Every record below is to be repeated exactly, with the pictures left out.

____

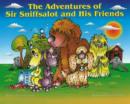 Image for The Adventures of Sir Sniffsalot and His Friends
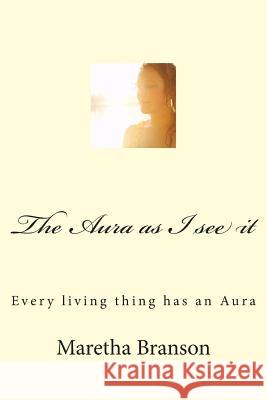 The Aura as I see it Branson, Maretha 9781511475310 Createspace - książka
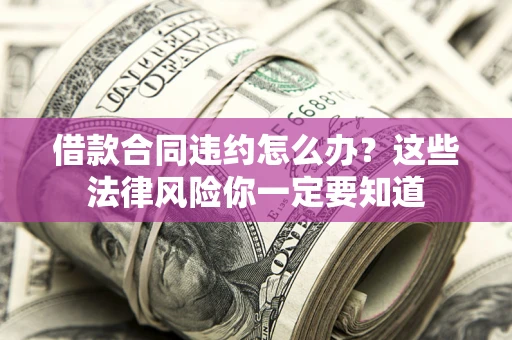 武汉借款合同违约怎么办？这些法律风险你一定要知道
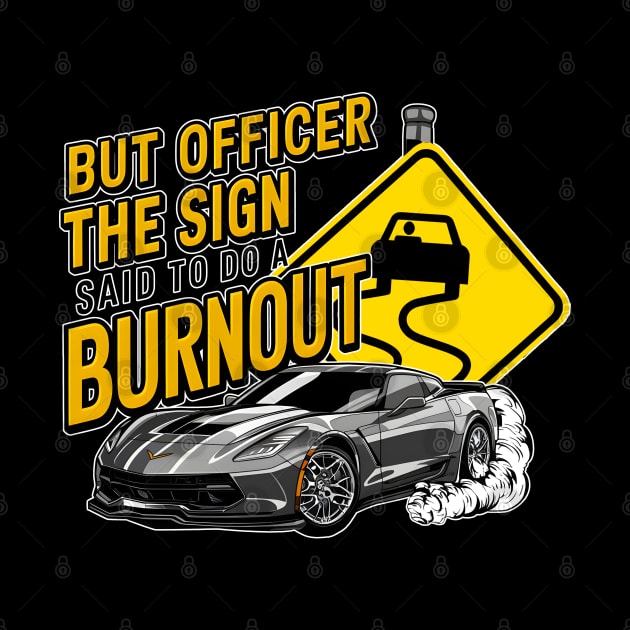 But officer the sign said to do a burnout nine by Inkspire Apparel designs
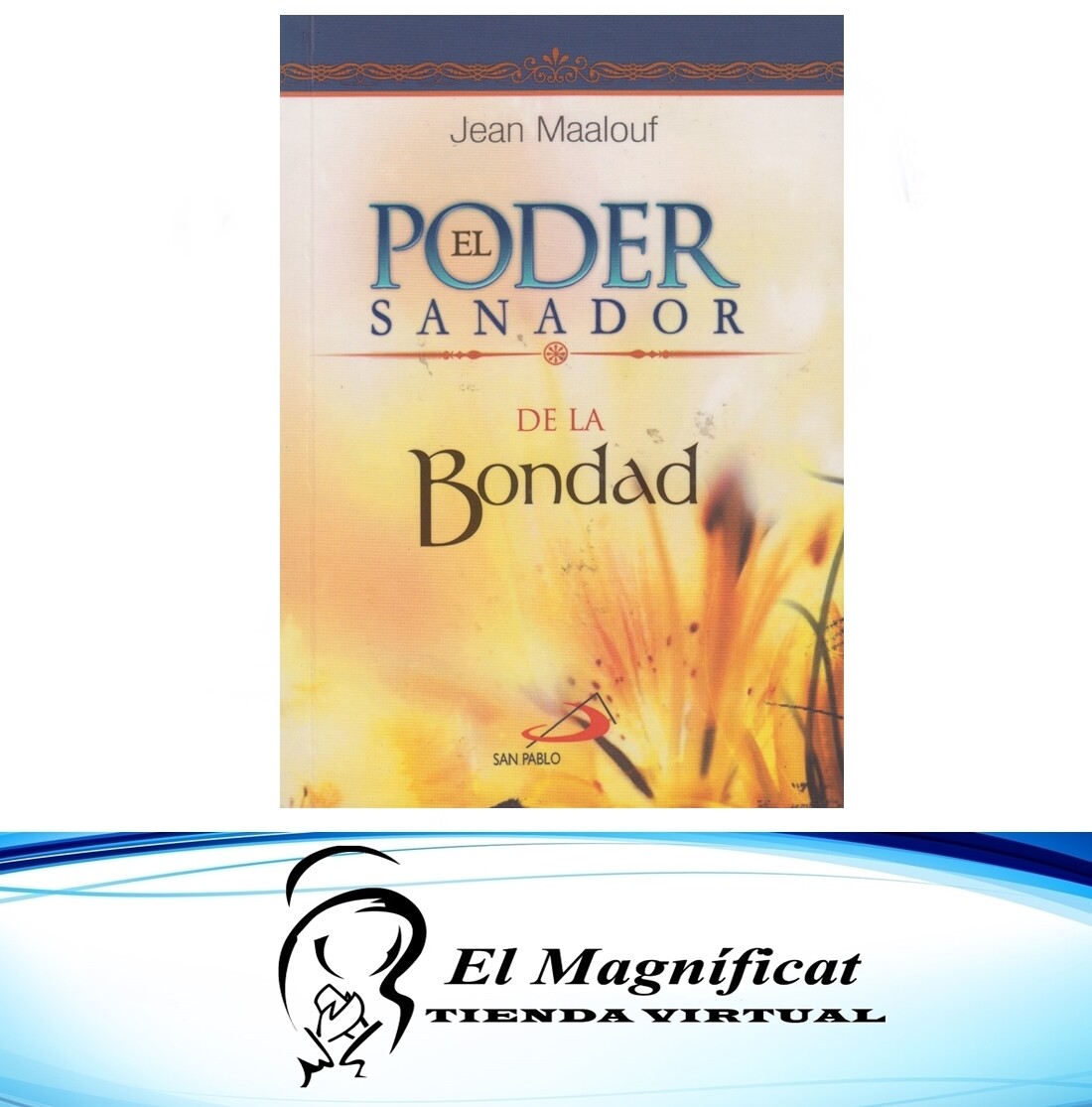 EL PODER SANADOR DE LA BONDAD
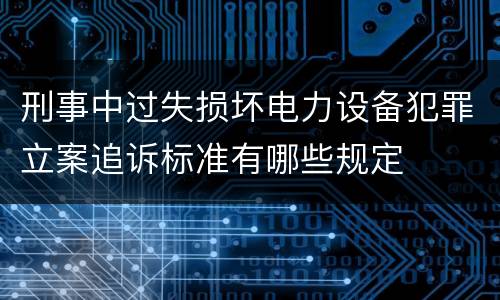 刑事中过失损坏电力设备犯罪立案追诉标准有哪些规定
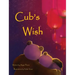 Cub's Wish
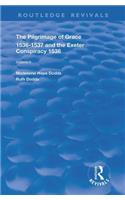 The Pilgrimage of Grace, 1526-1537, and The Exeter Conspiracy, 1538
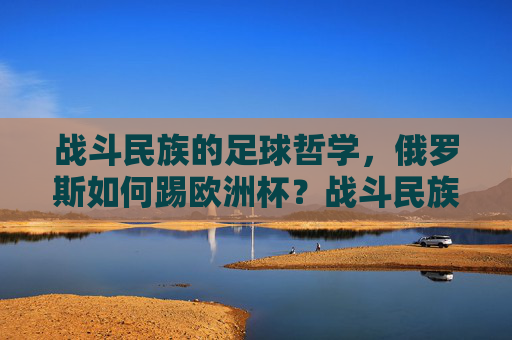 战斗民族的足球哲学,俄罗斯如何踢欧洲杯?战斗民族的足球哲学,俄罗斯欧洲杯踢法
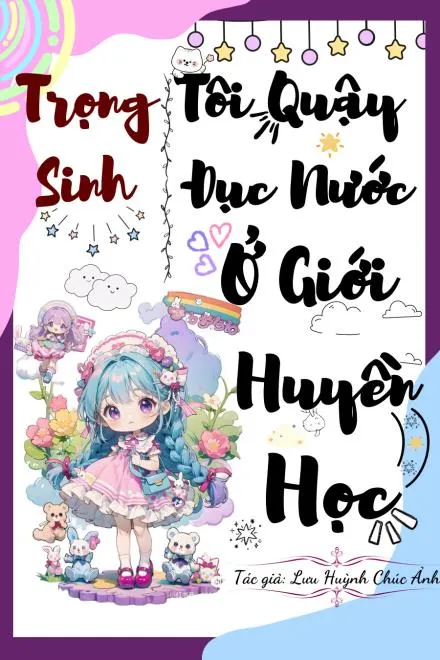 Trọng Sinh Nữ Thiên Sư: Quậy Đục Giới Huyền Môn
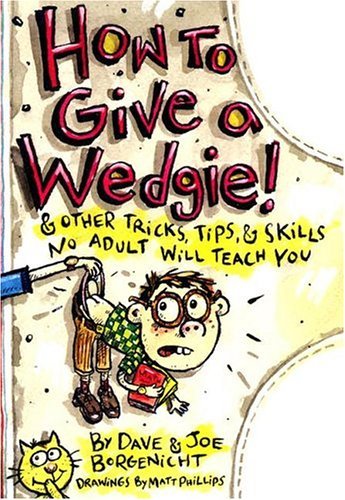 How to Give a Wedgie! &amp; Other Tricks, Tips, and Skills No Adult Will Teach You  2005 9780060737528 Front Cover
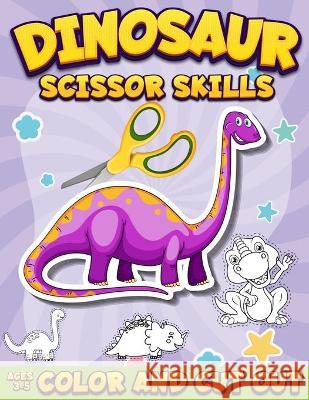 Dinosaur Scissor Skills Activity Book for Kids Ages 3-5: Color And Cut Out Workbook for Preschool Fun Gift for Dinosaur Lovers and Kids Ages 3-5 Coloring Book Happy 9785954289213 Coloring Book Happy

____

--- RESPONSE TO THIS TASK ---
 Image for The Adventures of Sir Sniffsalot and His Friends
 The Aura as I see it Branson, Maretha 9781511475310 Createspace - książka
 武汉借款合同违约怎么办？这些法律风险你一定要知道
 But officer the sign said to do a burnout nine by Inkspire Apparel designs
 EL PODER SANADOR DE LA BONDAD
 刑事中过失损坏电力设备犯罪立案追诉标准有哪些规定
 Cub's Wish
 The Pilgrimage of Grace, 1526-1537, and The Exeter Conspiracy, 1538
 战斗民族的足球哲学,俄罗斯如何踢欧洲杯?战斗民族的足球哲学,俄罗斯欧洲杯踢法
 Trọng Sinh Nữ Thiên Sư: Quậy Đục Giới Huyền Môn
 How to Give a Wedgie! &amp; Other Tricks, Tips, and Skills No Adult Will Teach You  2005 9780060737528 Front Cover
 Dinosaur Scissor Skills Activity Book for Kids Ages 3-5: Color And Cut Out Workbook for Preschool Fun Gift for Dinosaur Lovers and Kids Ages 3-5 Coloring Book Happy 9785954289213 Coloring Book Happy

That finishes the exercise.